Boipatong is a township in Gauteng, South Africa. It was established in 1955 to house black residents who worked in Vanderbijlpark and Vereeniging.

Boipatong means "the place of hiding" in the Sesotho language. Boipatong's expansion took place in tandem with the growth of Afrikaner Nationalism and the South African discrimination policy called apartheid.

Boipatong, along with other surrounding townships, served as a pool of cheap labour for steel industry giant ISCOR. ISCOR was built mainly as part of job creation and poverty eradication for the white working class. Although small, Boipatong was one of the places where the anger of the black people was felt during the marches of the 1960s against the requirement that they carry passes.

==Boipatong massacre==
The township was the site of the infamous Boipatong massacre on 17 June 1992, when 46 township residents were massacred by local hostel-dwellers. The massacre took place while the Convention for a Democratic South Africa (CODESA) negotiations towards the end of apartheid in South Africa were in progress; the killings were one of the factors that led to suspension of the talks. The African National Congress (ANC) National Working Committee released a statement that it could not negotiate in conditions where the poor majority was being killed by state-sponsored violence. The ANC subsequently withdrew from the talks, only to return after then-President F.W. de Klerk committed to controlling his security forces, two years after Nelson Mandela's release. The talks were attended by 228 delegates from 19 political parties.

Further investigation from the Truth and Reconciliation Commission (TRC) confirmed that the massacre was state-sponsored.
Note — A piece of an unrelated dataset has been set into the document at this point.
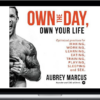 Aubrey Marcus – Own the Day, Own Your Life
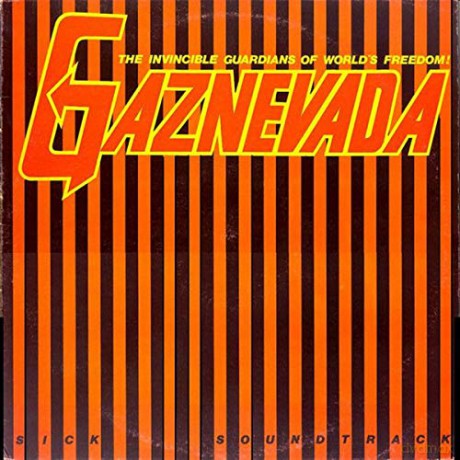 Gaznevada: Sick Soundtrack [Winyl]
The hostel dwellers who killed the residents were Inkatha Freedom Party (IFP) members who later confessed to the TRC that they had been transported by government police vehicles and led by white police officers who painted their faces black.
This massacre was added to a US lawsuit against multinational corporations that did business with the apartheid regime in South Africa.

==Boipatong Heritage Site==
A Boipatong Memorial and Youth Heritage Centre dedicated to freedom struggle veterans was being built and completed on 29 October 2015 by Gauteng premier, David Makhura. The center was commissioned at a cost of 40 million rand by the Gauteng Province's former Department of Public Works, Roads and Transport, now the Department of Infrastructure Development (DID). The private sector contributed a larger portion of the amount, R40 million, including a consortium responsible for the construction of Gautrain. The memorial center construction created a number of jobs and provided skills training to members of the community.

== Corruption ==
In August 2025, ActionSA laid a criminal complaint following the expenditure of R28 million on an old-age home in Boipatong, which remained incomplete ten years later. The project was initially implemented by the Emfuleni Local Municipality before being transferred to the Gauteng Provincial Government.